DATA SHOWN below:

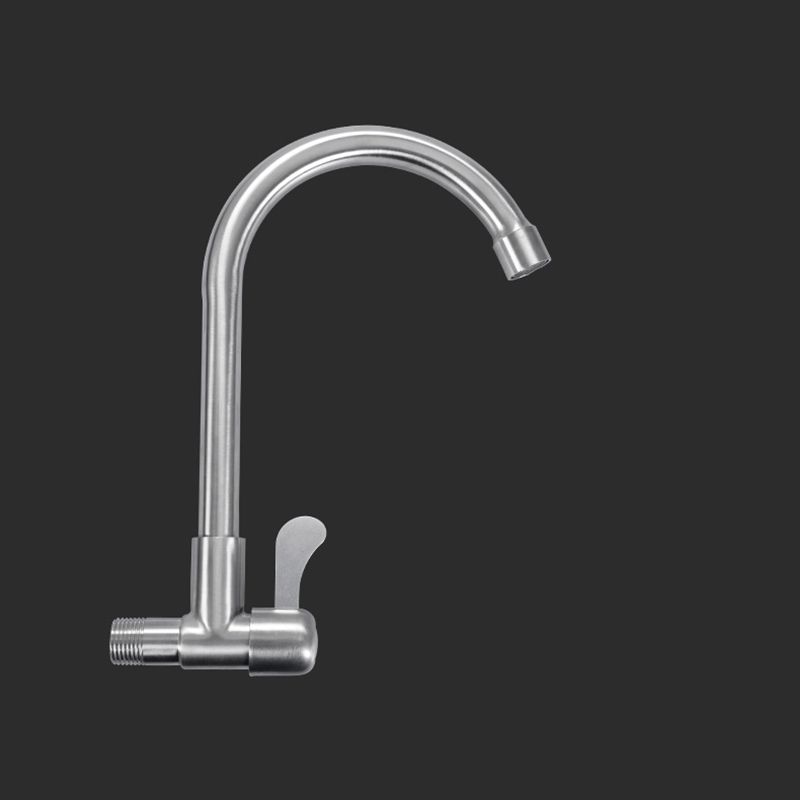 Modern Faucets 1-Handle and 1-Hole Single Level Stainless Steel Bar Faucet Clearhalo 'Home Improvement' 'home_improvement' 'home_improvement_kitchen_faucets' 'Kitchen Faucets' 'Kitchen Remodel & Kitchen Fixtures' 'Kitchen Sinks & Faucet Components' 'kitchen_faucets' 1200x1200_e967d802-4e03-41b3-8cd7-d9e8a40d677f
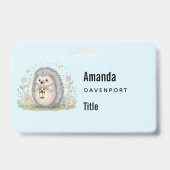 Badge Hérisson Mignon avec Lanterne Entreprise (Arrière)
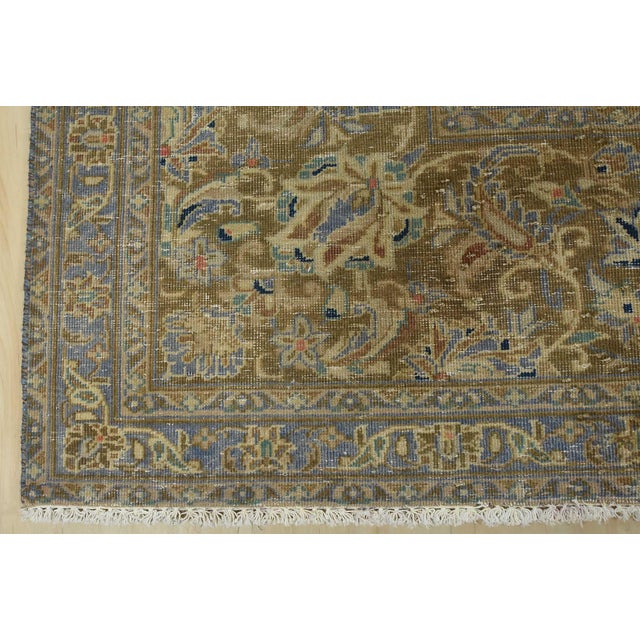 Kashan Rug 10′ X 13’5” Brown Wool Vintage Distressed Hand-Knotted Carpet For Sale - Image 12 of 15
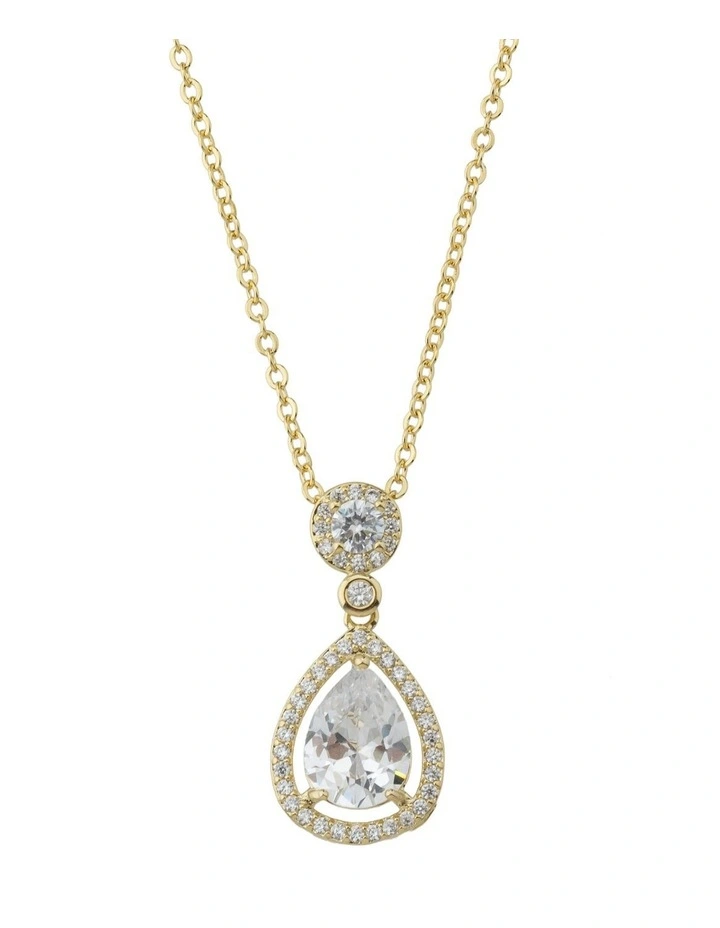 Gregory Ladner Pear CZ Pendant Necklace GJNF015M in Gold image 2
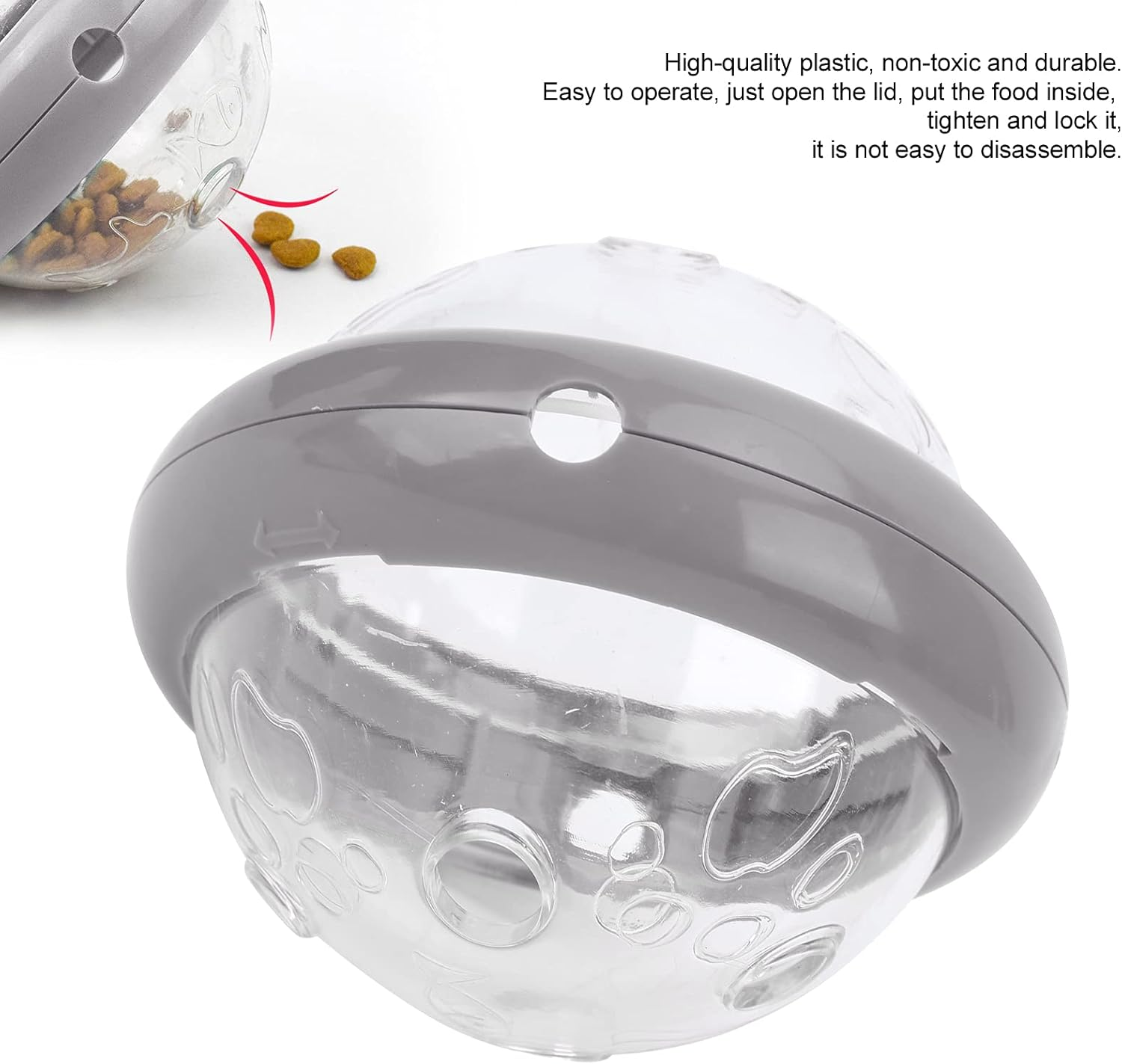Dog Feeder Toy, Durable Flying Saucer Shaped Design Slow Eating Interactive Feeding Puzzle Toys, Pet Food Dispensing Puzzle Toy Feeding Dispenser for Dogs Cats (Ufo-Literary Gray) image number 2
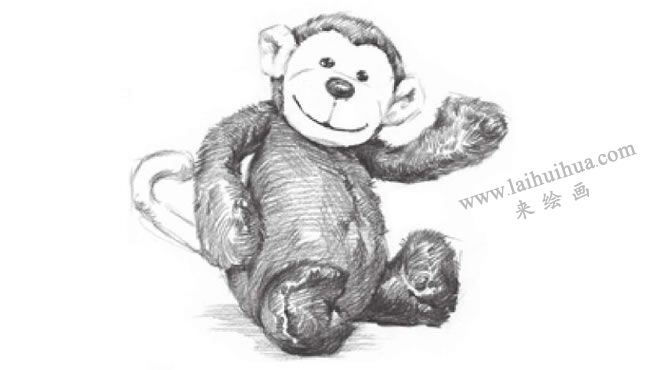 小猴子毛絨玩具素描畫法步驟07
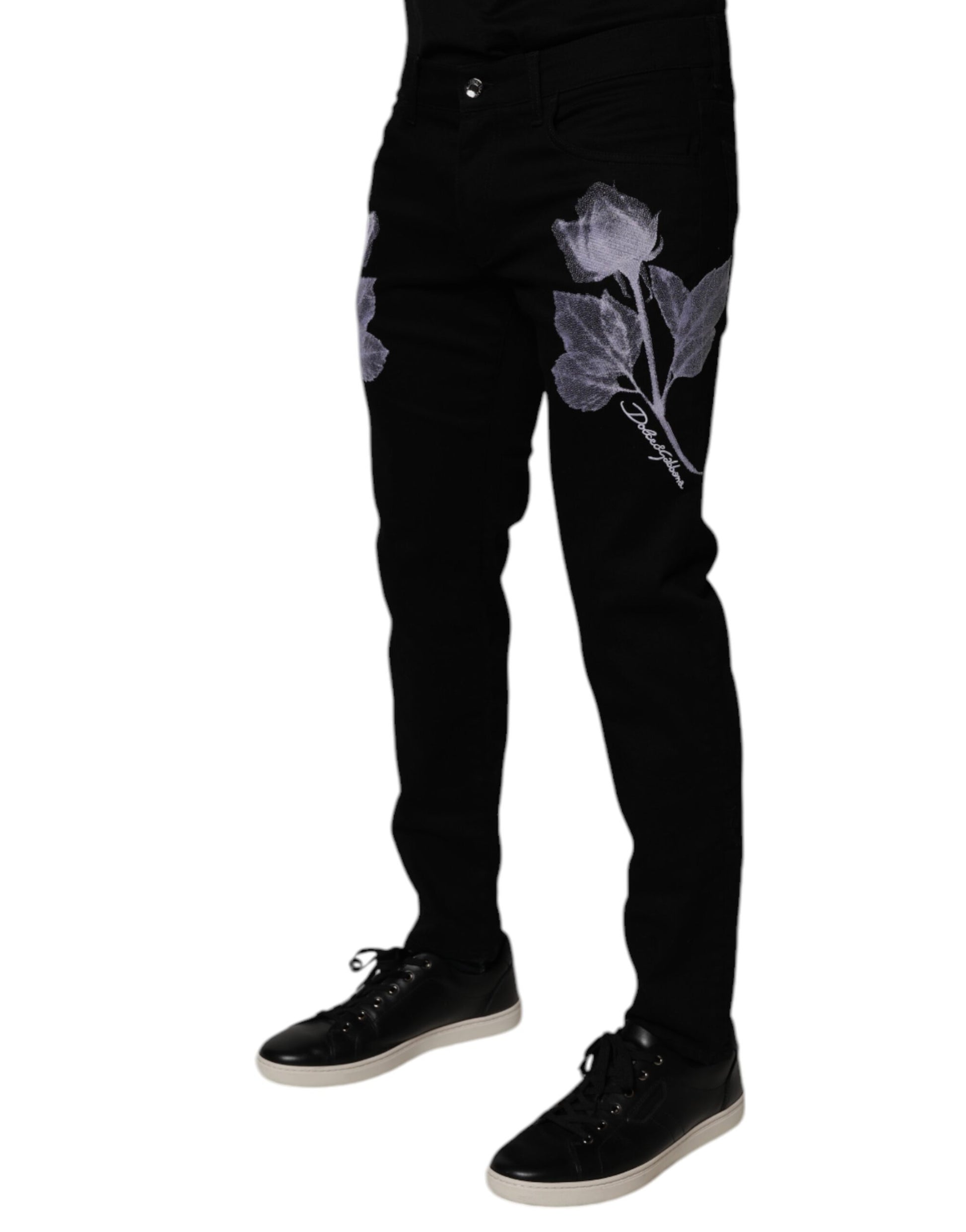 Dolce & Gabbana Jean Slim Homme en Coton Noir Imprimé Fleuri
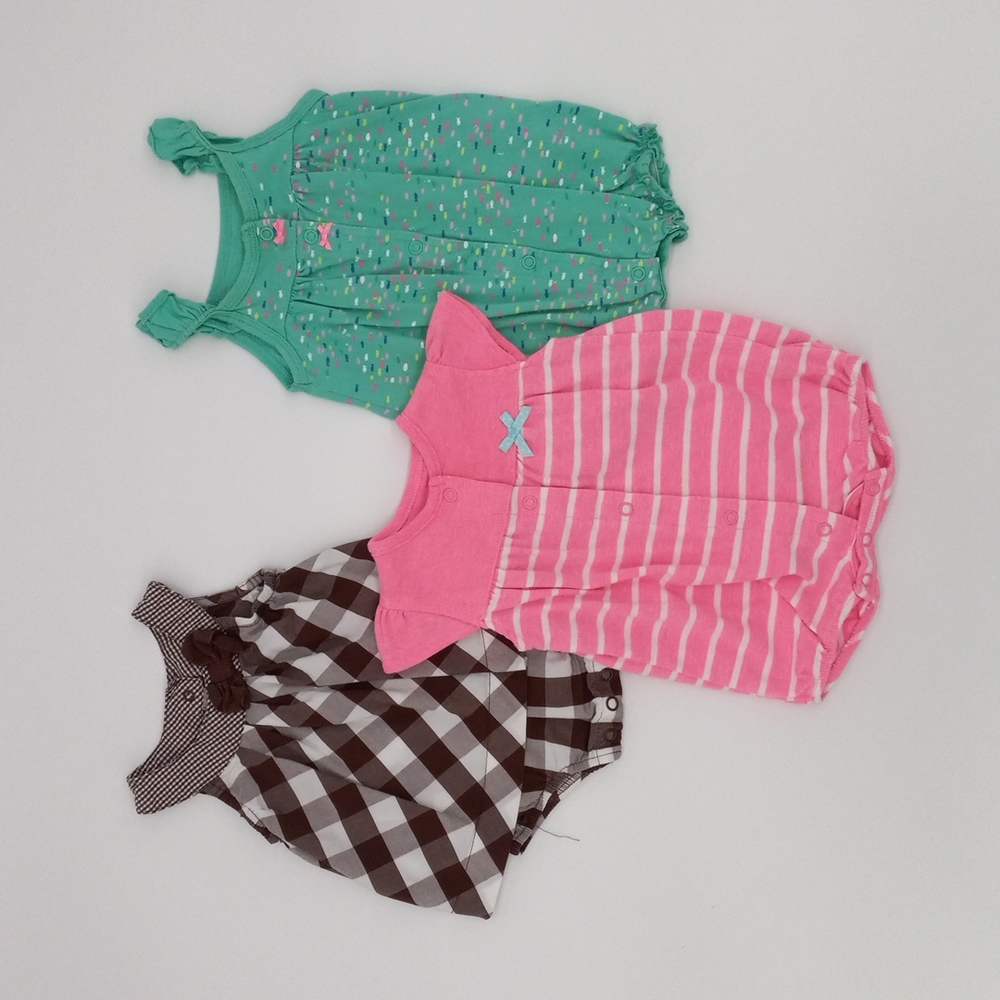 Carter's 3 Month Girls Rompers (Set of 3)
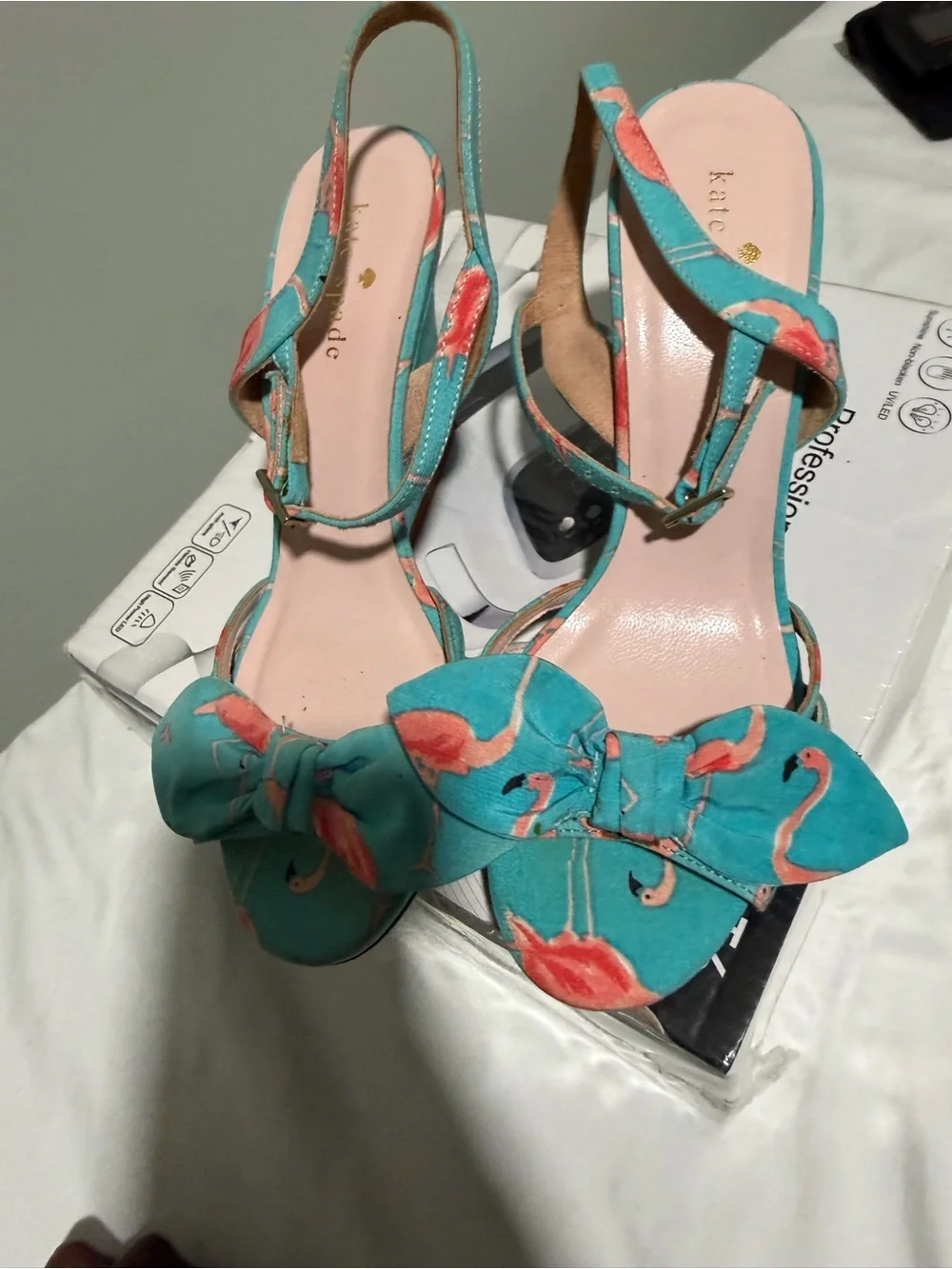 kate spade Teal Flamingo Bow Slingback Heels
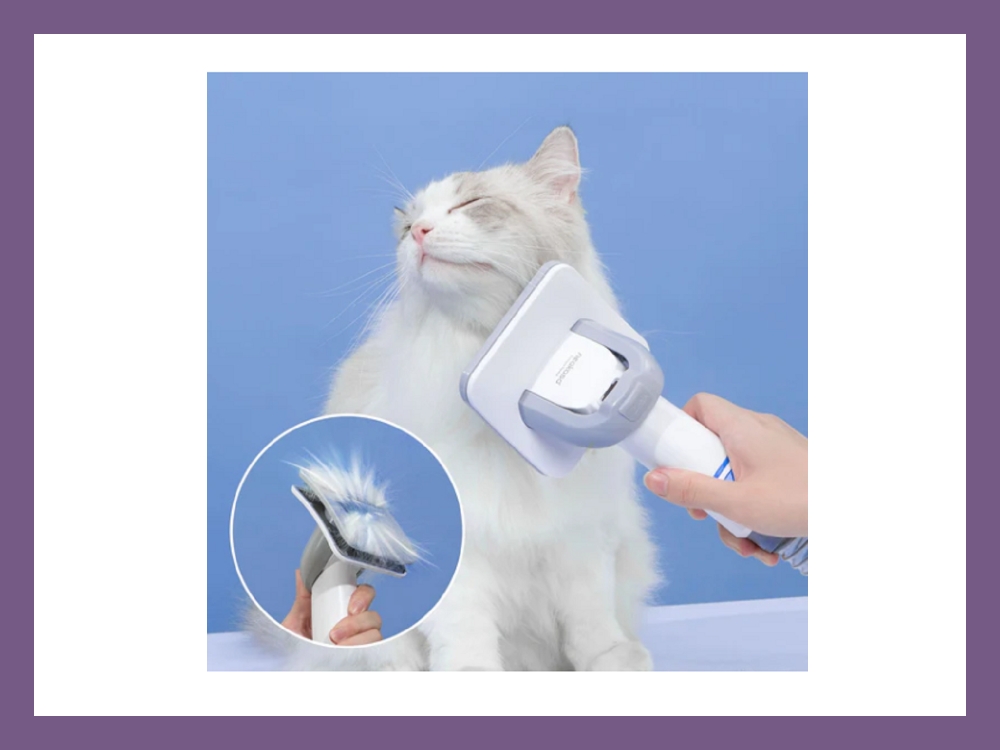 Long furred kitty being groomed with Neakasa’s P2 Pro Pet Grooming System. Great for Long-Haired Cats.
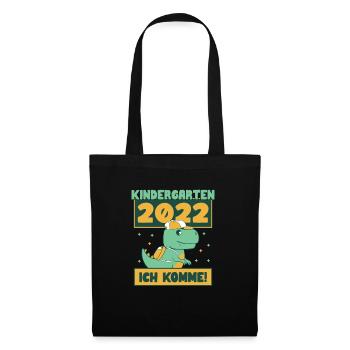 Kindergarten 2022 Ich Komme Kindergartenkind Dino - Stoffbeutel - Schwarz - Vorne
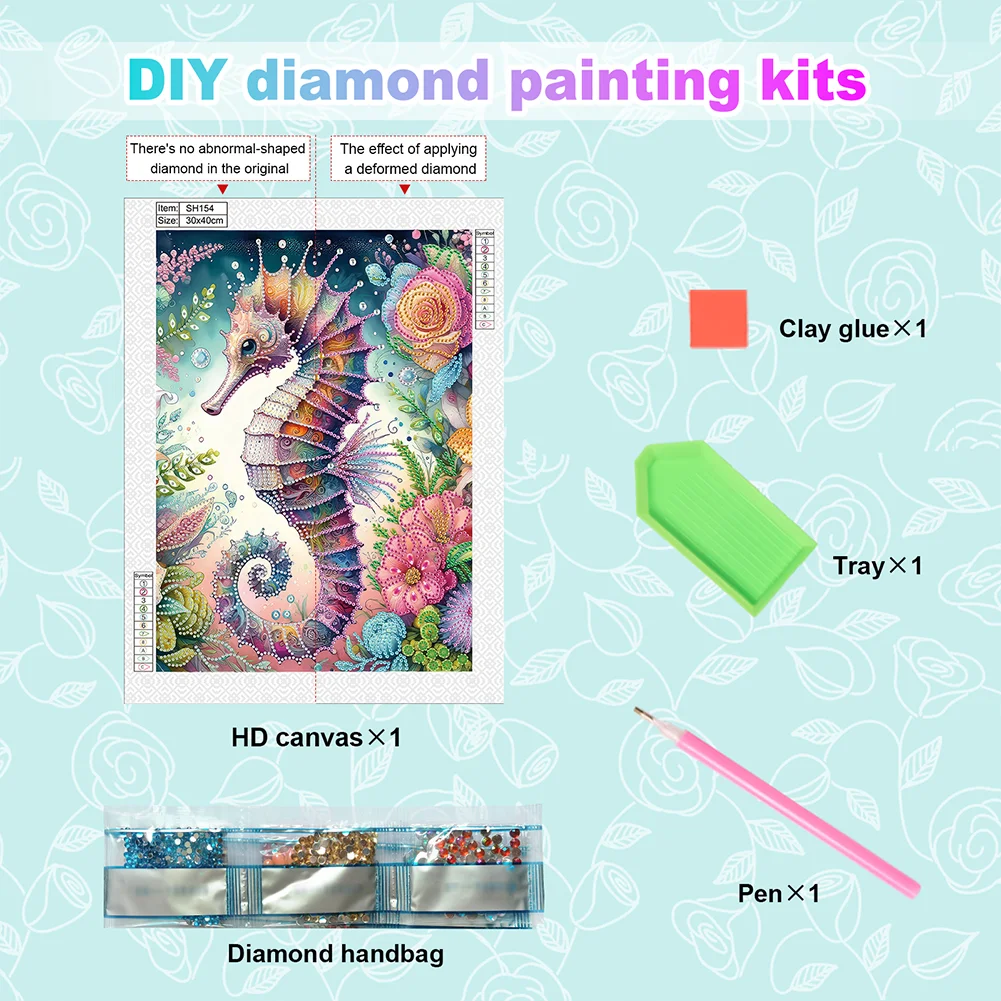 Diamond Painting - Partial Special Shaped Drill - Seahorse(Canvas|30*40cm)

End of DATA SHOWN.

Without the pictures, give back the entries exactly.

 Modern Faucets 1-Handle and 1-Hole Single Level Stainless Steel Bar Faucet Clearhalo 'Home Improvement' 'home_improvement' 'home_improvement_kitchen_faucets' 'Kitchen Faucets' 'Kitchen Remodel & Kitchen Fixtures' 'Kitchen Sinks & Faucet Components' 'kitchen_faucets' 1200x1200_e967d802-4e03-41b3-8cd7-d9e8a40d677f
 Badge Hérisson Mignon avec Lanterne Entreprise (Arrière)
 Kashan Rug 10′ X 13’5” Brown Wool Vintage Distressed Hand-Knotted Carpet For Sale - Image 12 of 15
 Gregory Ladner Pear CZ Pendant Necklace GJNF015M in Gold image 2
Dog Feeder Toy, Durable Flying Saucer Shaped Design Slow Eating Interactive Feeding Puzzle Toys, Pet Food Dispensing Puzzle Toy Feeding Dispenser for Dogs Cats (Ufo-Literary Gray) image number 2
 小猴子毛絨玩具素描畫法步驟07
 Dolce & Gabbana Jean Slim Homme en Coton Noir Imprimé Fleuri
 Carter's 3 Month Girls Rompers (Set of 3)
 kate spade Teal Flamingo Bow Slingback Heels
 Long furred kitty being groomed with Neakasa’s P2 Pro Pet Grooming System. Great for Long-Haired Cats.
 Kindergarten 2022 Ich Komme Kindergartenkind Dino - Stoffbeutel - Schwarz - Vorne
 Diamond Painting - Partial Special Shaped Drill - Seahorse(Canvas|30*40cm)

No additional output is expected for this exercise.